***** The data *****
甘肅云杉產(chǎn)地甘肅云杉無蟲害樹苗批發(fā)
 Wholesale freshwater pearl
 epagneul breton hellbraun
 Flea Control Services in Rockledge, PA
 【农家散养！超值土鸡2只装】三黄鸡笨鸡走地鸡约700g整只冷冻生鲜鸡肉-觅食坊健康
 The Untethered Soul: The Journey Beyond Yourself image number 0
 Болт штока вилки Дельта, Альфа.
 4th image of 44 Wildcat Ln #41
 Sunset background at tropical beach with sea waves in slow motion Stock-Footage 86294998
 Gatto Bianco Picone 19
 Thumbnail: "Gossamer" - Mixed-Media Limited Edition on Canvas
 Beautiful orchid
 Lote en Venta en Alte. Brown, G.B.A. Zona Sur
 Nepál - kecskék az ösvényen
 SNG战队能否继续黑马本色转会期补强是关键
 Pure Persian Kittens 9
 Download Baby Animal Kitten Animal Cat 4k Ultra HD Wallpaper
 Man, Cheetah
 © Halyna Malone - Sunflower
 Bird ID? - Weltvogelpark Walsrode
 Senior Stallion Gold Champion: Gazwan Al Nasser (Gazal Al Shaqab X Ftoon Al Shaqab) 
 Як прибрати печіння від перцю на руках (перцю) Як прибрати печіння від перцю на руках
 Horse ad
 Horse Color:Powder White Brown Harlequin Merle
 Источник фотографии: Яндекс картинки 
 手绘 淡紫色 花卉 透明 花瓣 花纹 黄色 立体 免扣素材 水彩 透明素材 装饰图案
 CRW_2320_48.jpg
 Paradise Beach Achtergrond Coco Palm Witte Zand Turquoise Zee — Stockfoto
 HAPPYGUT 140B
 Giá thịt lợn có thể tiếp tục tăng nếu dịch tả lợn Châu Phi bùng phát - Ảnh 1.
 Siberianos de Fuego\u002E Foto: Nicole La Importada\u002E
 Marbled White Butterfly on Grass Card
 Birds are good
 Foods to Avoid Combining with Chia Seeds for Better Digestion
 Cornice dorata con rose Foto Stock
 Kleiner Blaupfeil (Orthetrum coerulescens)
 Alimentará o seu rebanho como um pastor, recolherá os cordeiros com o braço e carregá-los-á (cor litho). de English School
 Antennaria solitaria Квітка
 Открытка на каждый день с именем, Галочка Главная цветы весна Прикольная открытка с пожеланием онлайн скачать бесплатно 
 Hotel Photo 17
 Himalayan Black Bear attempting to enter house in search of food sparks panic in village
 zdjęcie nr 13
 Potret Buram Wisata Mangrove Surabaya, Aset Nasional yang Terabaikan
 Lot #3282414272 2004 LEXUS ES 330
*****
Exercise brief ::
Using the records above, pull out each line where the word "with" occurs.

Exercise answer ::
 Sunset background at tropical beach with sea waves in slow motion Stock-Footage 86294998
 Foods to Avoid Combining with Chia Seeds for Better Digestion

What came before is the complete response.